8. Paolo Giordano, “The Solitude of Prime Numbers (La Solitudine dei Numeri Primi, 2008)
Giordano’s first novel has been one of the best selling Italian books of the past decade. Set in the elegant, charming Turin. It’s the story of two friends, Alice and Mattia, whose lives run parallely for decades. From the times of high school to adulthood. This popular Italian novel also became a movie in 2010.

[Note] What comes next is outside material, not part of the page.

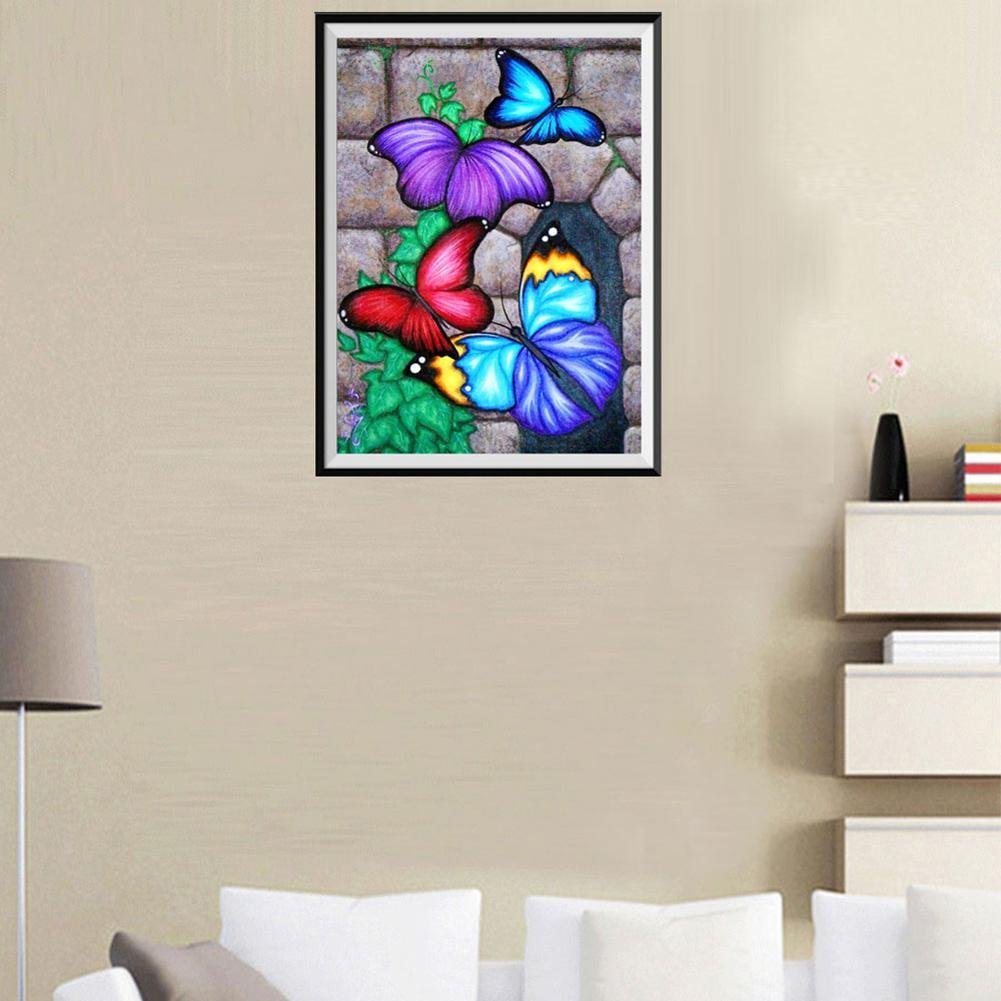 Diamond Painting - Partial Round - Colorful Butterflies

9. Missiroli, The Sense of an Elephant
Missiroli is the product of Alessandro Baricco’ s writing school, the Scuola Holden. His masterpiece, “The Sense of an Elephant ” follows its protagonist Pietro throughout his life. The narrative runs between Pietro teenage years in Rimini and the memories of his first love, Celeste. Until it reaches Milan, where he lives with his children, the true love of his adulthood.
10. Alberto Angela, “A Day in the Life of Ancient Rome: Daily Life, Mysteries, and Curiosities ” (Una Giornata nell’Antica Roma: Vita Quotidiana, Segreti e Curiosità, 2010)
Alberto Angela is a well-known figure on Italian tv, as he’s been the face of historical documentary shows for almost two decades. His volume on the daily life of Rome is an amazingly entertaining way to get to know the Romans up and close. Without having the feeling of reading a school book. Angela’s style is discursive and direct. He focuses on curious events and facts to keep the reader entertained and interested. Mind, though: his historical and archaeological accuracy is second to none. A great read for newcomers to the history of the Empire, but also a lovely Summer read for history buffs and historians everywhere.
Now that you have some ideas, choose your books, pack your bags and take a break, bringing Italy on holiday with you!